カテゴリ: おすすめレビュー 地域: どこか
(登録日: 2007/07/14 更新日: 2024/03/11)


1987
ビクターエンタテインメント
オムニバス民謡

この「おすすめレビュー」は、mixiの「おすすめレビュー」(CDポピュラー)に投稿したものです。
 

おすすめレビュー


中山晋平を生んだ長野県中野市に中山晋平記念館があります。昨日、中野へ行ったついでに立ち寄り、記念館で買ったのがこのCDです。
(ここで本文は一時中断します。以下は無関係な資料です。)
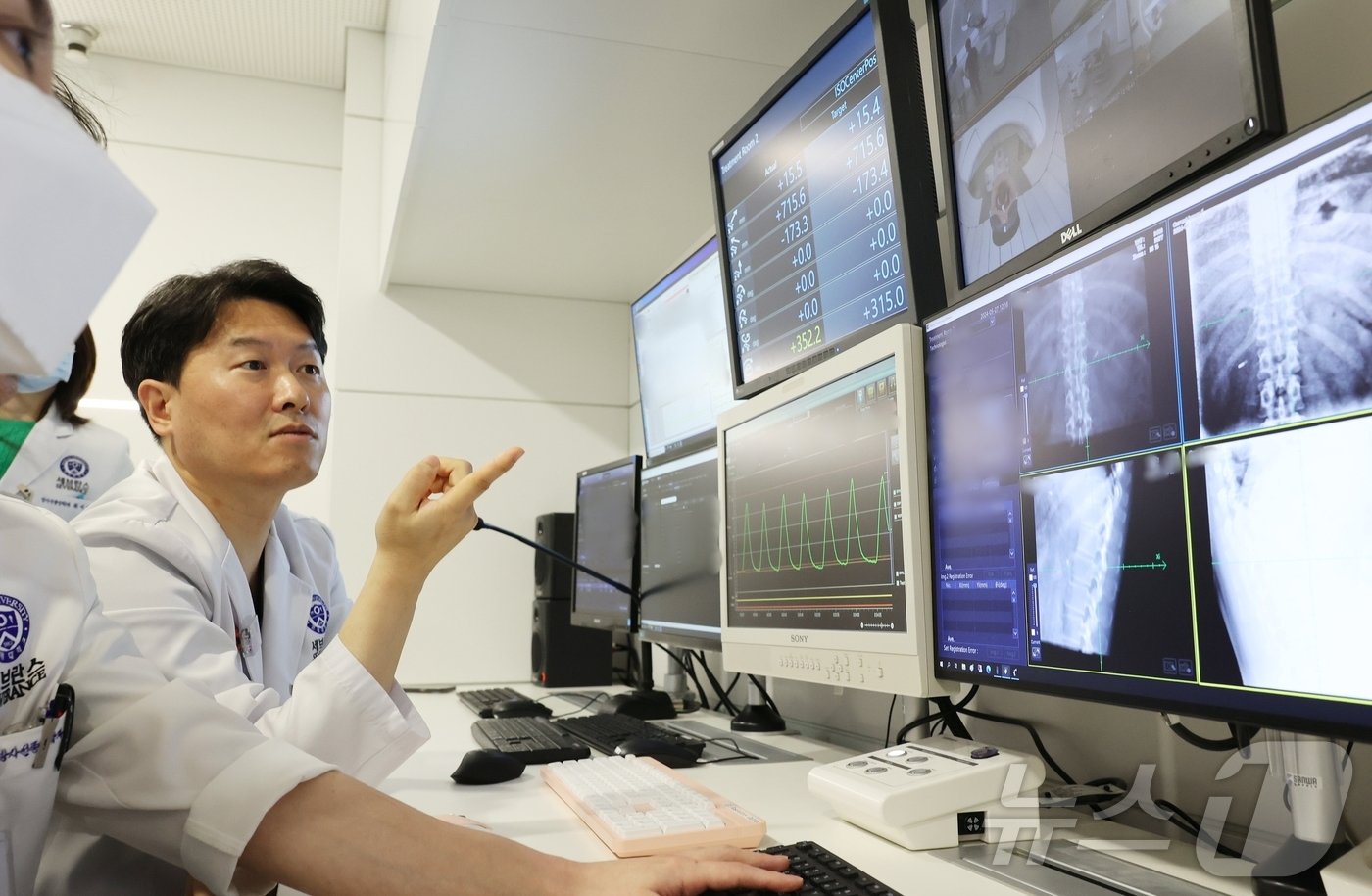 본문 이미지 - 금웅섭 교수가 조정실에서 중입자 조사 위치를 확인하고 있다. (병원 제공)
中山晋平の代表曲は数々あります。その中で際立ったジャンルを形成しているのが童謡と新民謡です。特に新民謡は中山晋平の真骨頂かもしれません。新民謡は今風に言えば「地域おこし」の一つのムーブメントと言っていいでしょう。1920〜30年代、ご当地ソングを作り、愛郷心を高めようとしたムーブメント。晋平の曲ではありませんが新民謡の代表曲「ちゃっきり節」(町田嘉章作曲)は新民謡の中でも出色の作品。言葉、メロディ、土着性、ともに独自性が高く、今聞いてもかなりよい。一方、中山晋平と言ってまず思い浮かぶのが大ヒットした「東京音頭」「天竜下れば」の2曲。問題はそれ以外の曲の数々がどうかということです。

「須坂小唄」「中野小唄」「望月小唄」「龍峡小唄」「野沢温泉小唄」…、さすがに中野出身だけあって、地元信州への貢献度もさすがです。これらを全部聞く機会はあまりないこと、録音が当時のSP盤からの復刻であることから興味を持って買ってみました。中野から上田へ帰る道中、車の中で聞きました。

率直な感想は、聞きとおすのはかなりツラかった(笑)。似たような曲が並び、それほど曲としての魅力も感じにくい水準の質に留まっている点は否めず、です。中山晋平の職人作曲家としての側面をより強く感じるCDでした。

18曲中、葭町二三吉(藤本二三吉)の唄が8曲。小唄系におけるこの歌手の存在感は大きく、あの独特なダミ声は「日本のダミア」と言っても過言ではないぐらい、昭和恐慌の時代の暗い日本を彩る歌声です。この人の唄はいい。大ヒットした「東京音頭」は小唄勝太郎と三島一声の唄。勝太郎は声質が明るくか弱い印象です。三島一声の脳天気な感じの唄い方がなかなかいい。ダミア風二三吉からリュシエンヌ・ボワイエ風のか弱い勝太郎に人気が移ったのもこれを聞くとよくわかります。興味深いのは「中野小唄」を信州中野芸妓連、「望月小唄」を信州望月芸妓連が唄っていること。こういうのも日本の大衆文化の根源にあったものですね。

このCDで楽しめるのは「東京音頭」の前身「丸の内音頭」が収録されていること。同じ曲なのにダミア風二三吉が歌うと実に渋い。一般的な興味からは「新民謡」云々よりも、「丸の内音頭」がオリジナルの録音で聞ける、ということかもしれません。

昭和初期、電気式録音のレコード時代になり、晋平が日本ビクターの専属となり、腕を振るい始めた頃に小唄調の新民謡のブームが重なった。さらに「東京音頭」で、新民謡が盆踊りブームの火付け役となり、晋平人気をさらに確固たるものにした。そういう歌謡史としても捉えることができます。